With the prime suspect narrowed to a single family and then to a specific individual within that lineage, investigators traced Kohberger to his parents’ home in the Poconos for a trash pull conducted under disguise. A Q-tip found in the garbage contained DNA that matched the person whose DNA had been found on the knife sheath, providing a pivotal corroboration of the genetic profile. Late on December 29, 2022, Moscow police officers informed Stacy Chapin, mother of one of the victims’ friends, that they had identified the man who killed her son, Ethan Chapin. The lab’s analysis had begun yielding results within hours of starting and, after a brief verification process, Kohberger’s name was the focus of the investigation for the first time.

The rapid identification marked a turning point in the case. Kohberger was later tracked to his graduate studies and arrests followed. The pattern of evidence also allowed investigators to contextualize other pieces of the case, such as the murder weapon and additional traces found at the scene. Kohberger was ultimately charged with the murders of Ethan Chapin, Xana Kernodle, Madison Mogen and Kaylee Goncalves and later pleaded guilty in July 2024, receiving a life sentence without the possibility of parole.

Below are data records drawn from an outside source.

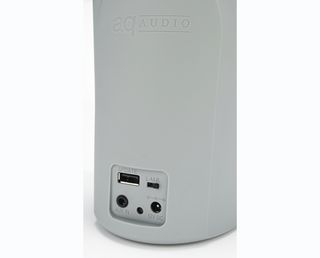 AQ Audio Smartspeakers A1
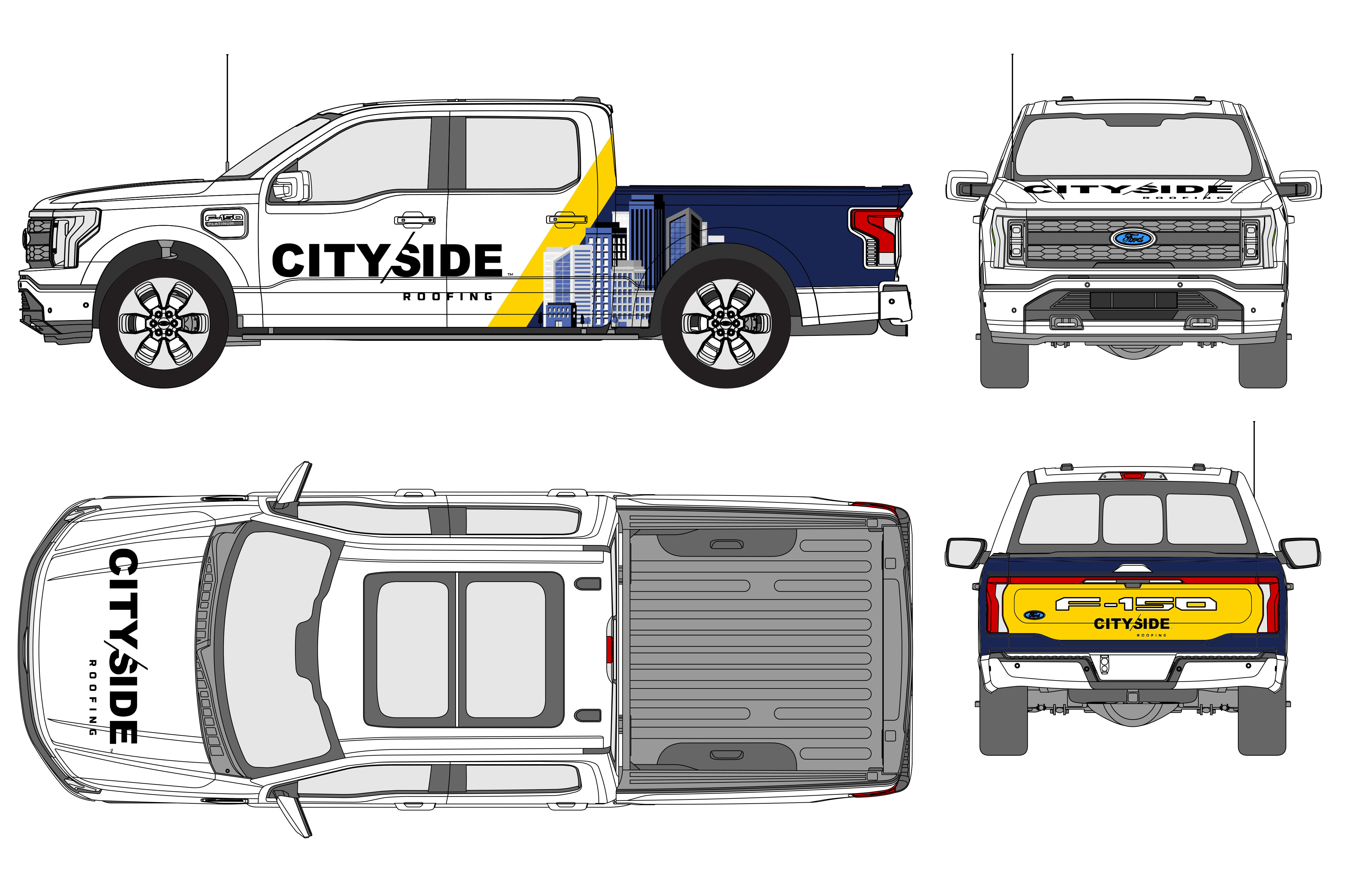 Graphic Design by Creative D2024 for this project | Design #32585640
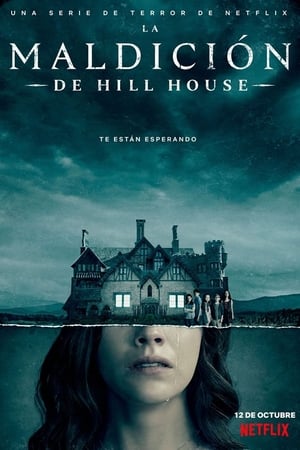 La maldición de Hill House online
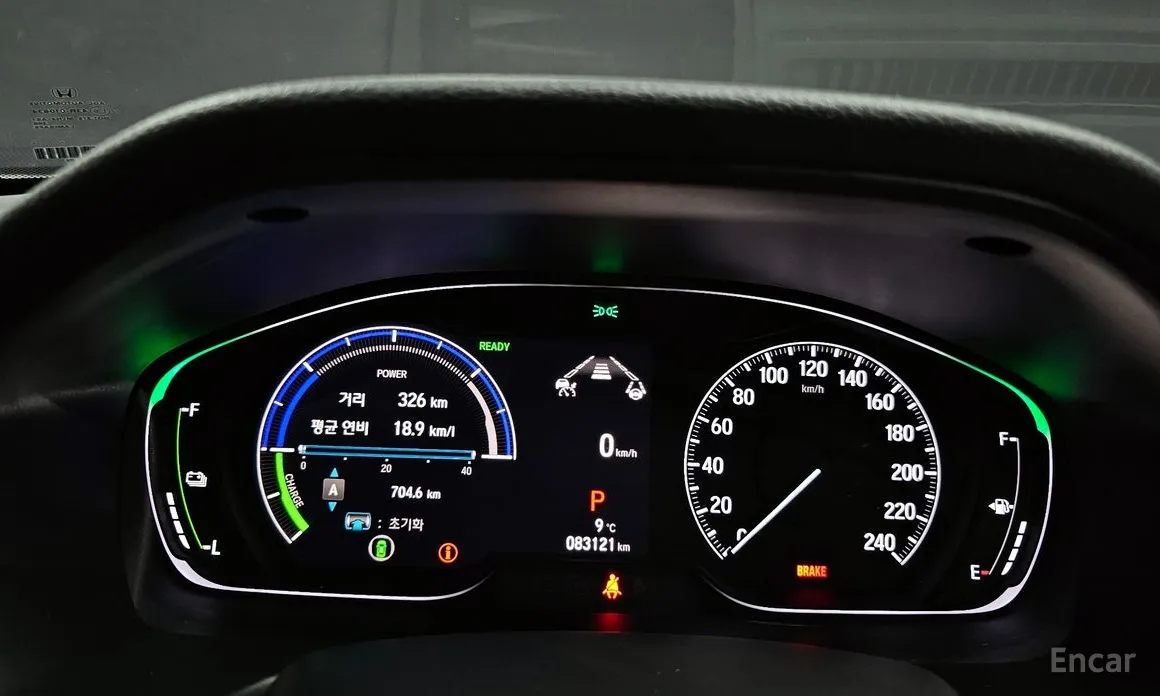 Фото 8 - Honda Accord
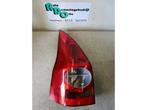 Feu arrière gauche d'un Renault Megane (Megane 2 02-), Autos : Pièces & Accessoires, Renault, -, Utilisé, -
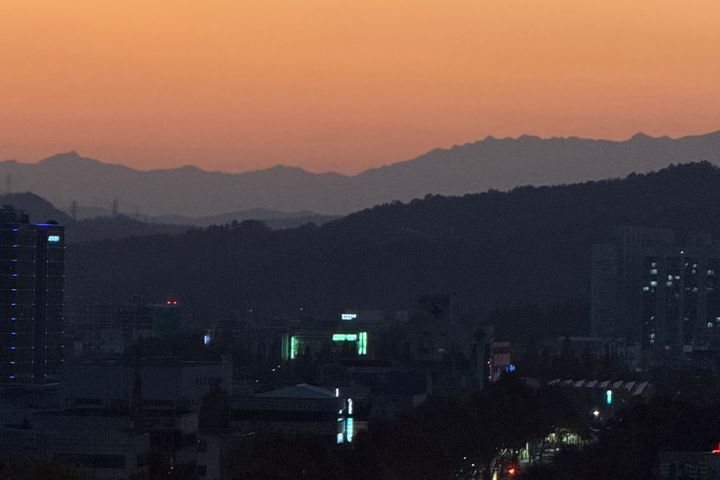 대구 성서 계대동산병원 19번째 이미지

Mittelman and other Othram scientists emphasized that forensic genetic genealogy is most powerful when the evidence from a crime scene is of high quality and can be translated into a genome-wide profile. They note that DNA can be transferred in various ways, but the method’s value lies in identifying probative DNA—the DNA that directly ties a person to the crime scene rather than incidental contact. In this case, the DNA found on the murder weapon and its connection to a suspect through distant relatives provided a robust link that supported the authorities’ case. The defense, which challenged certain aspects of the genetic genealogy evidence, faced a range of legal arguments about the technique’s admissibility, but Ada County Judge Steven Hippler ultimately allowed the evidence to stand and Kohberger’s defense did not prevail in those challenges.

The case has been cited by supporters of expanding access to forensic genealogy. Othram’s method, which relies on sequencing a large panel of genetic markers and then querying genealogical databases, has helped solve other cold cases, including cases involving missing or unidentified victims. Advocates say broader adoption could help families obtain answers more quickly, but funding remains uneven—federal support for this work is limited, and many law enforcement agencies must rely on local budgets.

For the Chapin family, the ability to learn who killed Ethan—and to see that suspect brought to justice—has brought a measure of closure after years of uncertainty. They have since become advocates for expanding access to this technology, saying it could spare other families the long and painful search that followed their son’s death. As they note, Thanksgiving 2022 was the hardest holiday they endured; in 2024, with the case resolved, they describe a fundamentally different sense of gratitude, rooted in the work of scientists who pursued the truth in real time. In the broader landscape of criminal investigations, supporters say the Idaho quadruple murder demonstrates how rapidly evolving genetic science can intersect with traditional investigative work to solve even the most devastating crimes.